• **YOUR GOAL**:
What's needed is the listing below, repeated word for word with no pictures.

• **DATA EXTRACT**:
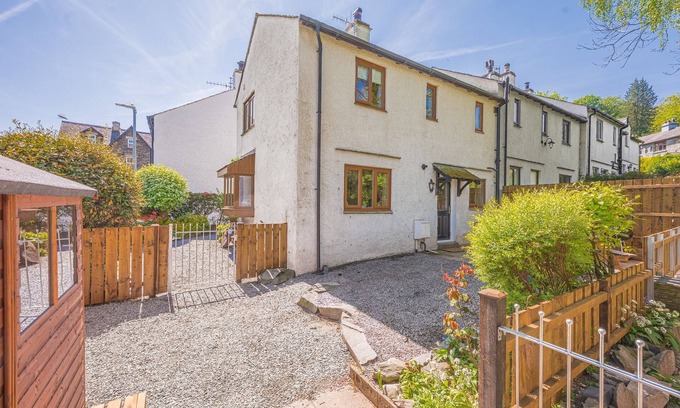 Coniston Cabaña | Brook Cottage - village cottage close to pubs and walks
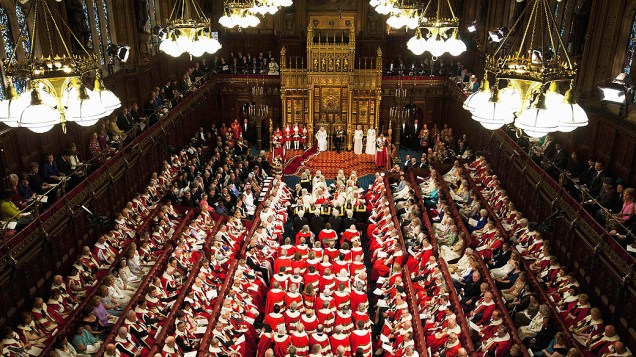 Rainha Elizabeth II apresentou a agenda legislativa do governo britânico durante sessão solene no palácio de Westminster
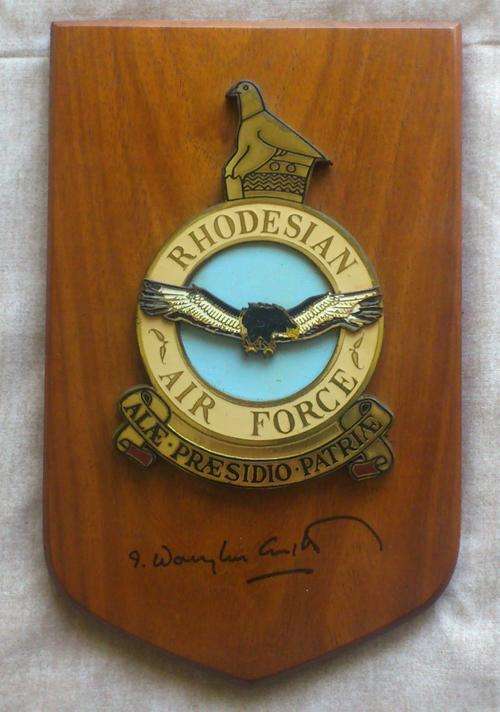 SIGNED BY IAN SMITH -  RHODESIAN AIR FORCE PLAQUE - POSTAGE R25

• **YOUR SOLUTION**:
 Coniston Cabaña | Brook Cottage - village cottage close to pubs and walks
 Rainha Elizabeth II apresentou a agenda legislativa do governo britânico durante sessão solene no palácio de Westminster
 SIGNED BY IAN SMITH -  RHODESIAN AIR FORCE PLAQUE - POSTAGE R25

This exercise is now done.